Explaining the near-impossible 25 years later
By Eric Becker
PHILADELPHIA (Aug. 9, 2018) – As a baseball fan, the summer of 1993 will go down as the most improbable summer of my life.
My team I had rooted for through thick and thin, mostly thin, since 1981, the Phillies, had been cellar dwellers for the better part of five years, including last place in 1992.
Then something magical happened, like out of a fairy tale. The 1993 Phillies showed up for spring training, and didn’t stop playing until Game 6 of the 1993 World Series some seven months later.
It was the last year of the four-division format. Florida Marlins and Colorado Rockies were new to the baseball world.
In fact, Florida was picked by some to finish ahead of Philadelphia by preseason predictors.
From that opening win at the Astrodome to that fateful Joe Carter home run in Toronto, the 1993 Phils were a team full of misfits, castoffs and wild moments.

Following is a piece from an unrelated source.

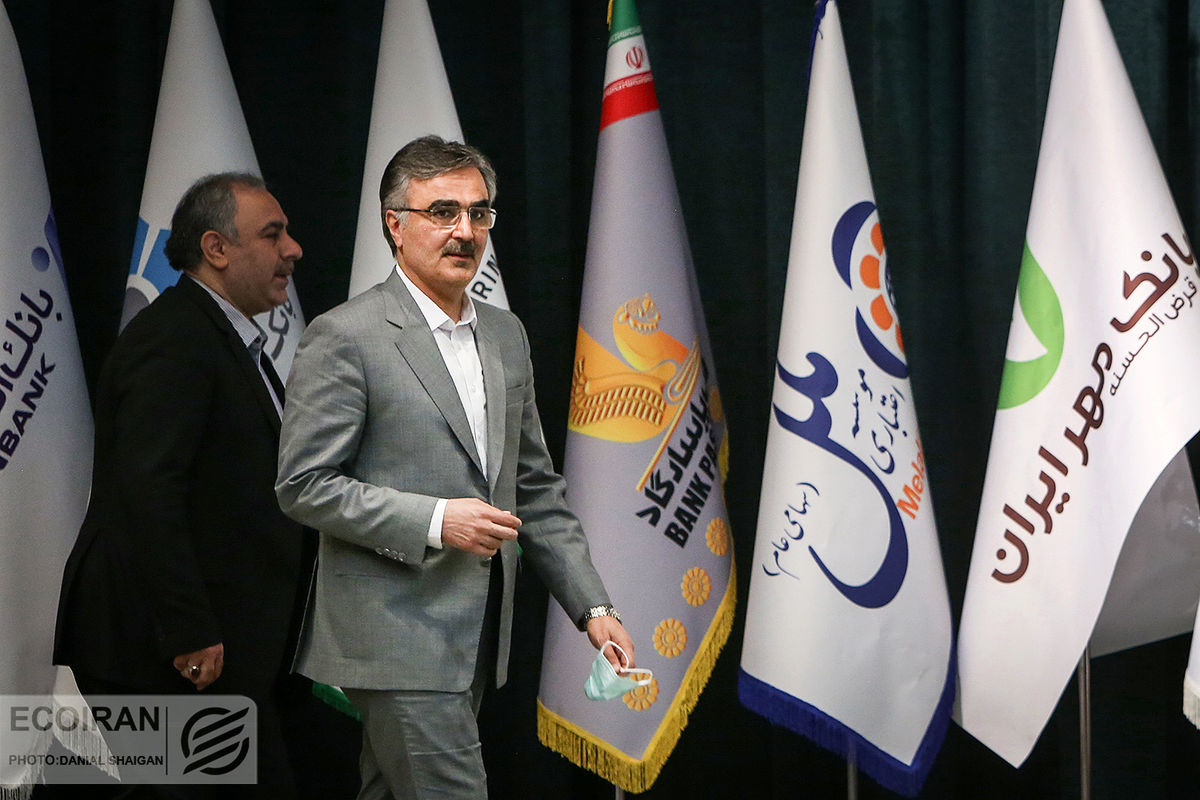 رئیس بانک مرکزی تغییر کرد/فرزین به جای صالحآبادی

There was Incy, Krukker, Dutch, The Dude, Wild Thing, D.J. and others.
That wacky cast of characters charged out of the gates to a 17-5 record in April, and never looked back.
It looked bad in late July, while in St. Louis. I was at that Thursday afternoon game sitting in the bleachers, as Curt Schilling got completely lambasted by the Cardinals, and the lead in the National League East appeared grim.
The next night, after losing game one of a doubleheader with San Diego at a rain-infested Veterans Stadium, game two didn’t start until around 1 a.m. local time.
At around 4:41 a.m. local time, Mitch “Wild Thing” Williams, yes, the relief pitcher, ended game two with a walkoff hit in the bottom of the 10th inning.
A week or so later, the Phils swept the Cardinals at the Vet, and St. Louis was virtually buried.
Montreal gave the Phillies their best shot in September, getting within four games, but the Phils got their first division title in a decade on a Monday night in Pittsburgh.
So, it was a good season, as nobody thought they could actually beat the high-powered Atlanta Braves in the playoffs.
The Braves had to win 102 games just to make the playoffs by a game over San Francisco. Perhaps that pennant race caused them to be a bit tired come October.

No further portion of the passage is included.